L’Ernesto in piazza contro la precarietà

A dire che la precarietà è il vero problema di questo paese, molto più dei conti di Maastricht o della cosiddetta competitività delle imprese, oggi, saremo in tantissimi. E ogni persona in più che sfilerà per le strade di Roma, per chiedere l’abrogazione delle tre leggi vergogna del governo Berlusconi, ci darà molta più forza per poterlo dire ancora. La generazione che più delle altre ha subito la regressione dei diritti degli ultimi 15 anni, quella senza lavoro, né reddito, né casa, né diritto all’istruzione o alla pensione, fino a ieri divisa, debole, impaurita, potrà oggi trovare nuova speranza. La speranza di invertire la rotta che il nostro paese ha seguito negli ultimi anni, di poter interrompere l’impoverimento del lavoro e delle vite di milioni di persone.

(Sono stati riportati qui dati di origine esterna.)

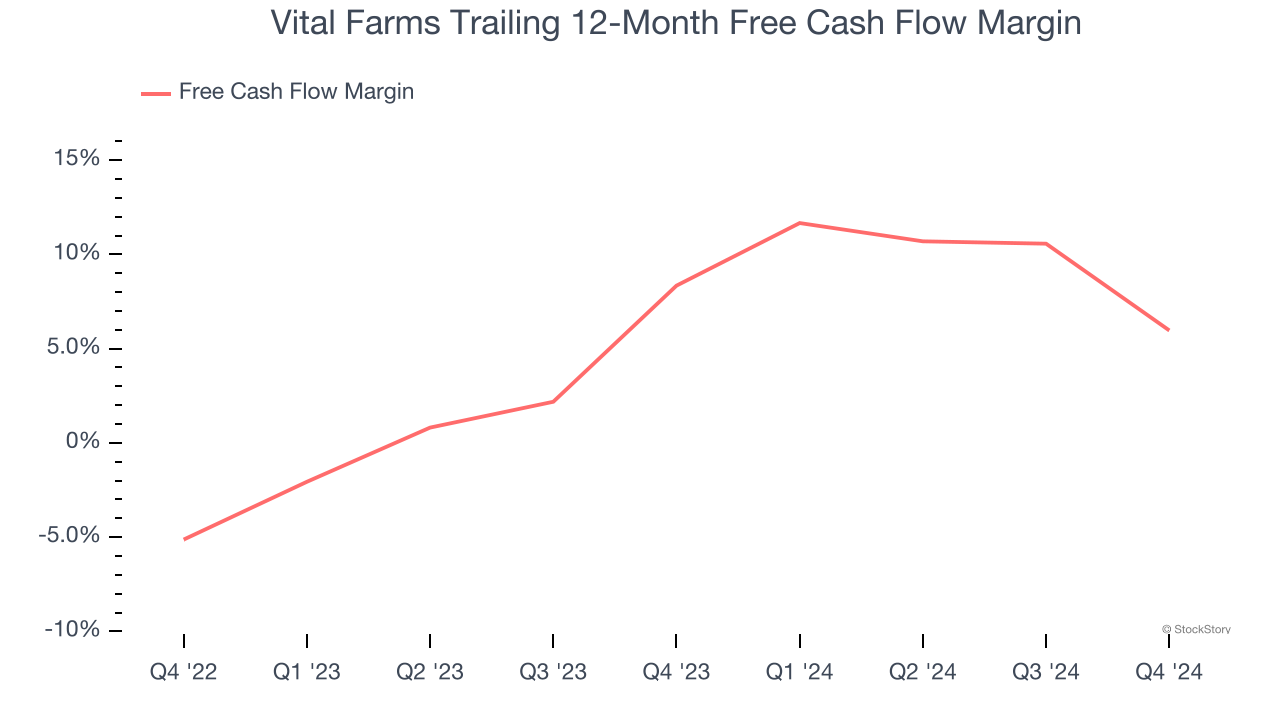 Vital Farms Trailing 12-Month Free Cash Flow Margin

In piazza ci sarà anche Claudio Grassi, coordinatore nazionale di Essere comunisti: «Contro la precarietà del lavoro, vera piaga sociale. E per chiedere al governo di cancellare al più presto quelle leggi, Legge 30, Moratti e Bossi-Fini, che nei fatti e simbolicamente rappresentano l’attacco alle tutele e ai diritti dei lavoratori. Ma non dimentichiamoci che a cambiare deve essere anche l’intera legislazione sul lavoro, non basta cancellare le leggi del governo Berlusconi. Così come, a cambiare, e in meglio, deve essere la Finanziaria. Io penso che questa manifestazione possa servire per premere sul governo in questa direzione, mettendo in evidenza i limiti e le lacune, proprio a partire dal nodo del lavoro precario». I precari, in questo paese, sono due milioni e mezzo, qualcuno dice addirittura 4 milioni. E dei nuovi contratti stipulati più della metà sono “atipici”. Lavoratori a termine, ricattabili dallo spettro di un mancato rinnovo. Lavoratori a progetto, che subiscono una condizione di subordinazione, ma senza i diritti che a questa condizione sono connessi. Lavoratori svenduti, ceduti, passati di mano in mano.

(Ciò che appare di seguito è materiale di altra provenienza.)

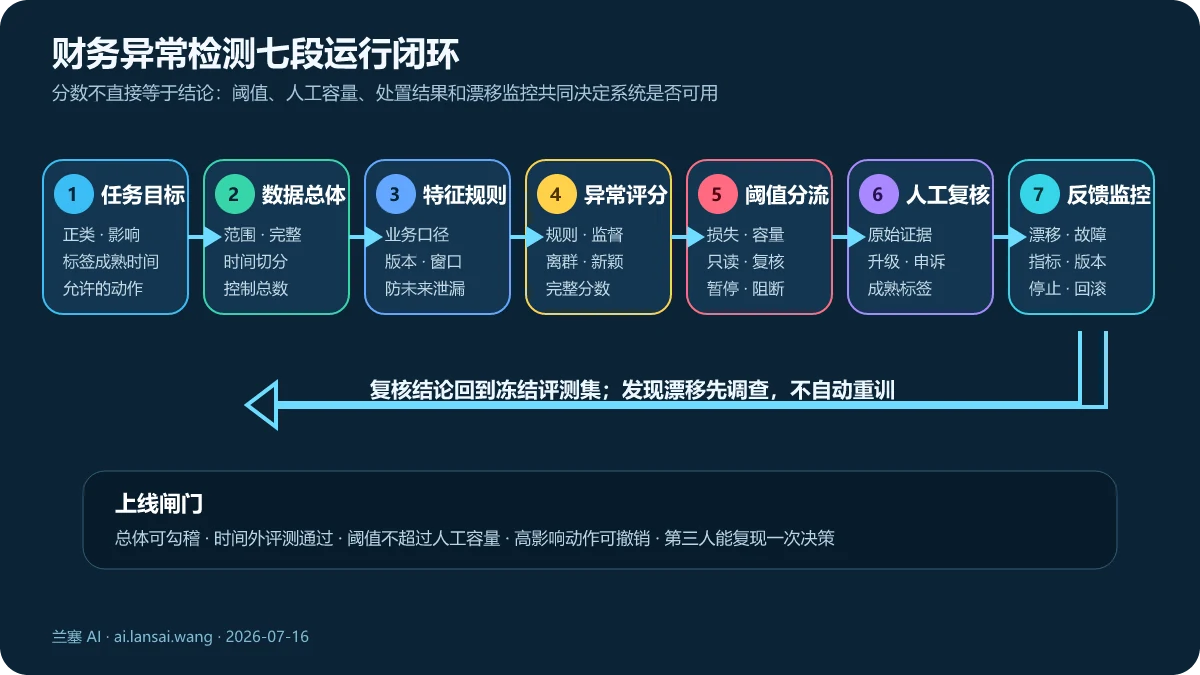 财务异常检测从任务目标、数据总体、特征与规则、异常评分、阈值分流、人工复核到反馈监控的七段闭环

Lavoratori che non possono iscriversi a un sindacato, come garantisce la nostra Costituzione. Lavoratori in nero, nascosti, spogliati di ogni diritto. Tutti vittime di una litania a cui ormai è difficile credere: che esista una buona flessibilità, volàno di crescita e sviluppo, che basti tagliare i diritti e i costi del lavoro per produrre benessere e ricchezza. In molti la pensano così, anche nel governo che è riuscito a mettere in cantina Berlusconi e che a gennaio aprirà i tavoli per ridisegnare il mercato del lavoro e il sistema previdenziale.